Things to Fix When Upgrading from Spring Security 3.2.x to 4.x

Some things have been changed in Spring Security 4.x compared to previous 3.2.x branches. They are not overwhelming but you may have to deal with them so that your application can work without any problem after upgrading to Spring 4.x release. I noted them down during my upgrade process, and post here in case you need.

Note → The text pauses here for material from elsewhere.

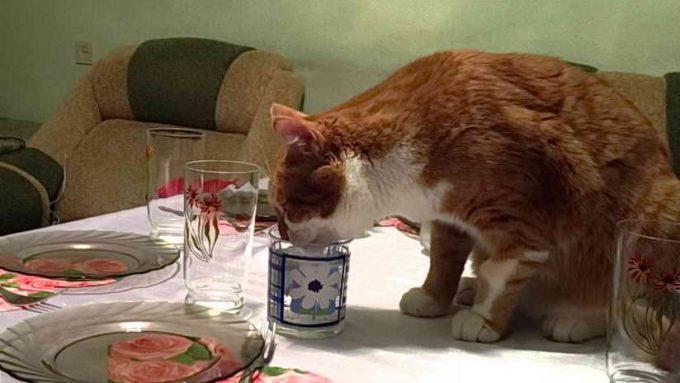 как отучить кота лазить по столу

  • For a long time login processing url, username and password request parameter names of UsernamePasswordAuthenticationFilter were j_spring_security_check, j_username and j_password consecutively. They are now replaced with login, username and password by default.
  • CSRF protection feature has been available for sometime, but it was disabled by default. However, Spring Security 4.x comes with CSRF protection enabled by default. This change has consequences to your web requests, especially pages which perform form submission with HTTP POST method. You need to add an hidden input parameter as following;
    <input type="hidden" name="${_csrf.parameterName}" value="${_csrf.token}">

  • <http> element had use-expressions=”false” in Spring 3.2.x series. Therefore <intercept-url> elements were usually being configured with ROLE_xxx access attributes by default. This has changed in Spring 4.x as well. From now on, Spring Security expressionas are active by default, and anyone who starts using Spring Security should provide intercept-url access attributes with expressions returning boolean value.
  • logout processing url has been also changed to logout from spring_security_logout. LogoutFilter is now only accepting POST requests. Therefore, you need to add a simple logout form which is calling logout with HTTP POST method.
    <form action="logout" method="post">
        <input type="submit" value="Logout"> 
        <input type="hidden" name="${_csrf.parameterName}" value="${_csrf.token}">

However, it is not currently possible to change configuration of LogoutFilter so that it should work with HTTP GET requests.

  • RememberMeAuthenticationFilter were querying _spring_security_remember_me request parameter to save initiate remember-me mechanism. This has changed to remember-me in Spring 4.x.
  • Some classes in acl packages were also changed as well. Therefore you may need to change your acl bean configuration if you are using ACL in your project.